**Task directions:** The answer is an exact repetition of every entry, with all images left out.

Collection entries
------------------------------------------------------------

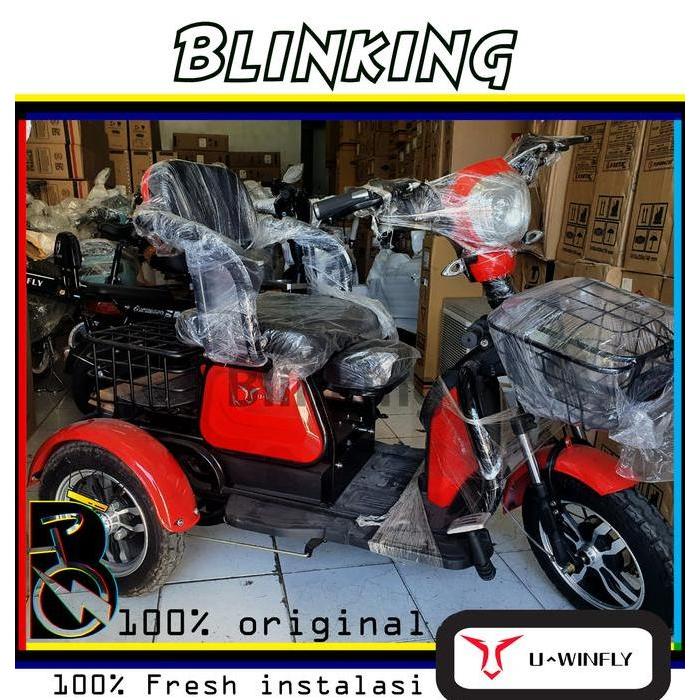 Terlaris Sepeda Listrik Roda 3 Maleo Uwinfly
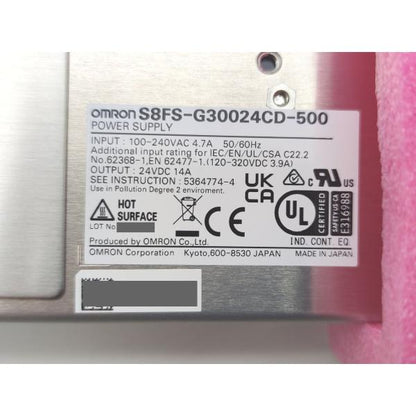 箱いたみあり 新品 オムロン OMRON S8FS-G30024CD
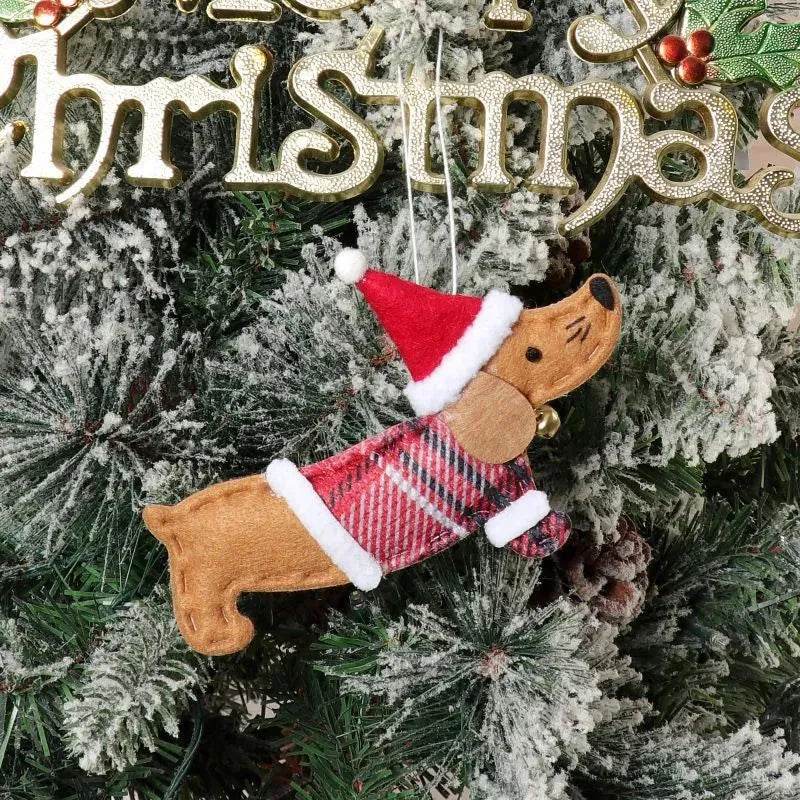 Norvo | Juledekorasjoner Klednings Pølsehund Liten Anheng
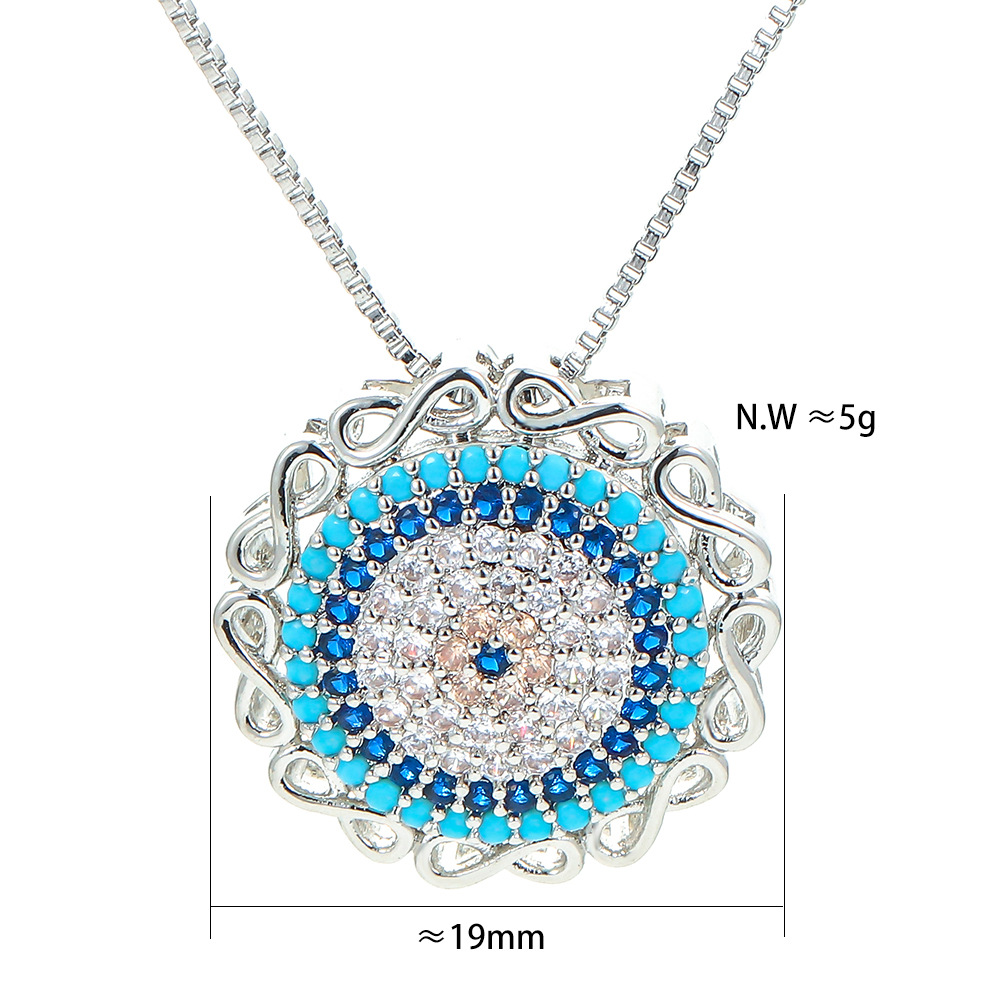 Fashion Style Micro Zircon Devil's Eye Clavicle Chain 8 Character Chain Accessories Wholesale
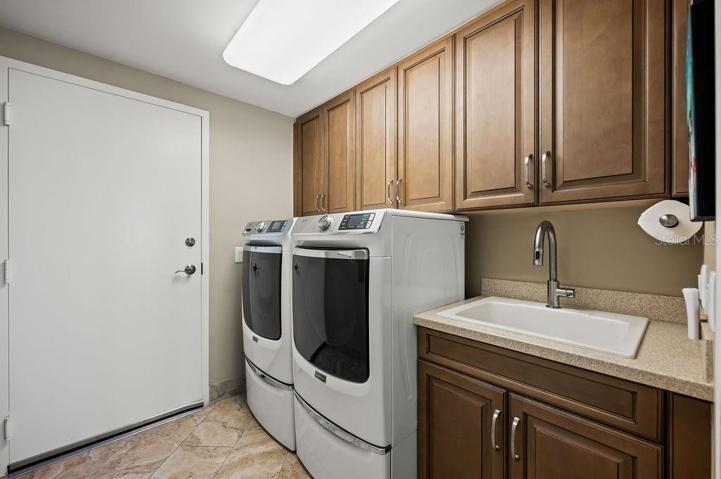 Laundry Room with new washer and Dryer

------------------------------------------------------------

**Solution to this problem:**
 Terlaris Sepeda Listrik Roda 3 Maleo Uwinfly
 箱いたみあり 新品 オムロン OMRON S8FS-G30024CD
 Norvo | Juledekorasjoner Klednings Pølsehund Liten Anheng
 Fashion Style Micro Zircon Devil's Eye Clavicle Chain 8 Character Chain Accessories Wholesale
 Laundry Room with new washer and Dryer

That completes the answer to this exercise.